Well this should be the final update in this thread unless I run into something that radically changes things...

I finally got Blu-ray video working!

I'm not sure if it was because the source video was 1080 interlaced or telecine encoded but forcing the framerate during conversion fixed the playback problem with my blu-ray player.

Because of one of the two above, some players thought the framerate should be 60 (or more specifically, 60000/1001) so adding "--fps 30000/1001" to the x264 conversion fixed things.
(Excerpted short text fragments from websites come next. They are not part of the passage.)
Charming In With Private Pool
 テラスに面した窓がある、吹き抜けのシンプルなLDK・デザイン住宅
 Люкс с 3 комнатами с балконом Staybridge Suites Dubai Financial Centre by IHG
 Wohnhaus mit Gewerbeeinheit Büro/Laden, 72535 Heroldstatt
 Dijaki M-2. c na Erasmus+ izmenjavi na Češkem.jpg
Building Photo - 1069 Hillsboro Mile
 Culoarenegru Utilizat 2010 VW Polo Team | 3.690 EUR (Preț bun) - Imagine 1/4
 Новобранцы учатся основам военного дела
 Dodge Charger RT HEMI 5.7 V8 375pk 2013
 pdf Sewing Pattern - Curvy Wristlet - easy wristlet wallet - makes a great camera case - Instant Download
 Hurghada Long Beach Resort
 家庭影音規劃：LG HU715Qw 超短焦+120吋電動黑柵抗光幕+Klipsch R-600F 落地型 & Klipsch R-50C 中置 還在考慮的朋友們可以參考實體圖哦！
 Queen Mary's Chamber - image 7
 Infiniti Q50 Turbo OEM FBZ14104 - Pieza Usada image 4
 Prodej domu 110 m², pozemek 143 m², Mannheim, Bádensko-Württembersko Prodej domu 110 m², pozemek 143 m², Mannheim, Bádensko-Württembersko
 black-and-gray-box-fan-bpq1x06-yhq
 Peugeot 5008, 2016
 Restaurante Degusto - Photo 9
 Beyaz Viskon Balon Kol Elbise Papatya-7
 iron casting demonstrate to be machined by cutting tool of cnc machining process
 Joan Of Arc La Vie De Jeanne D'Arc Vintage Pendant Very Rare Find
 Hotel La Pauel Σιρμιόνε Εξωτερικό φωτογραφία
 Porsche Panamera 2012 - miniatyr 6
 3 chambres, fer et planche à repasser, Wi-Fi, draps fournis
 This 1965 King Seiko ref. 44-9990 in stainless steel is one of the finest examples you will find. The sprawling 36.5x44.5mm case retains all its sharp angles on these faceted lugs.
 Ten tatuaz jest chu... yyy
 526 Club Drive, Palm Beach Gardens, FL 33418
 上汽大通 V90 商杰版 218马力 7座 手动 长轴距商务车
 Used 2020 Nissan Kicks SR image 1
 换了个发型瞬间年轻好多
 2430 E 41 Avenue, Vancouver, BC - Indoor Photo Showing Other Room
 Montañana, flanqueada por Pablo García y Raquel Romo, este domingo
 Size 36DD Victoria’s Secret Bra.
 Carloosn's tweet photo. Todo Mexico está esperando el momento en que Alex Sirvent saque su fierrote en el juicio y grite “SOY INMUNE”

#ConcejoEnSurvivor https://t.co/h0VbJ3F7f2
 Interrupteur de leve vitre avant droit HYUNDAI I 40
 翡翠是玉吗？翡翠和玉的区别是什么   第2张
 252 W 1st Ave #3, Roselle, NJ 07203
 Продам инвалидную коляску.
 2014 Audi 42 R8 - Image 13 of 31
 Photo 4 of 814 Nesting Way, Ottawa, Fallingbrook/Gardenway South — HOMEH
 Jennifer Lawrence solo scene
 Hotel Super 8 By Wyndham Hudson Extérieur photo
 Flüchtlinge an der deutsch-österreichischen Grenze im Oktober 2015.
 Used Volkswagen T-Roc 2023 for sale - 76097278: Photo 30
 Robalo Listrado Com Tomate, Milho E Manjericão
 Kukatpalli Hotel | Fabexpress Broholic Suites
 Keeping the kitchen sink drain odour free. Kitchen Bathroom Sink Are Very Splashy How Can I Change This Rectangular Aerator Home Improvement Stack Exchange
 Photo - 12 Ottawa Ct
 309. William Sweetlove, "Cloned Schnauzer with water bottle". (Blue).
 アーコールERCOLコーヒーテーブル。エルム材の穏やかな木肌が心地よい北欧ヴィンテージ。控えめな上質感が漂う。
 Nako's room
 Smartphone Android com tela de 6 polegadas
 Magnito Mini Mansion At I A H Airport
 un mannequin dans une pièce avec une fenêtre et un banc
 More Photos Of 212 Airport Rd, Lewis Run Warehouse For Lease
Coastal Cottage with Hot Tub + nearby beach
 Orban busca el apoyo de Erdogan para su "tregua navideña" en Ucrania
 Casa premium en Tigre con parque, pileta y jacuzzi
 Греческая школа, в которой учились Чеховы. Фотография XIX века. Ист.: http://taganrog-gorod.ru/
The only oddity is that I had to add about a 275ms delay to the audio to get it in sync for playing on my computer (vlc or totem) but for the blu-ray playback it was in sync without any delay.

For Thomas:

I tried adding the dvd_obs=64k option but it burned at 4X anyway... I'm not sure what's going on there, but it works so I'm leaving it alone. I've decided that for BD-R's that it's best to fix your problem if you're getting bad burns, not rely on defect management. 

To summarize the process:

Use x264 through ffmpeg or directly to convert the video to H.264 per the recommendations on www.x264bluray.com. Add the -fps flag if you need it. Unless you have a REALLY fast machine or an eternity to wait, use the slow preset instead of veryslow.
Extract the audio, I used ffmpeg to extract the existing AC3 audio.
Use tsMuxeR to create the proper blu-ray folder structure and mux'ed stream (unfortunately not FOSS, but free)
Use ImgBurn under WINE to create the image for burning, which supports UDF 2.50 for blu-ray (and 2.60, but that's not needed).

A couple of side notes:

My ASUS BW-12B1ST blu-ray burner has worked great without issue, can't recommend it enough.
Using cdrskin which is a frontend to libburn has also worked great. No need for the official cdrtools. Not that there's anything functionally wrong with cdrtools, but it keeps me out of the whole cdrtools vs cdrkit debacle.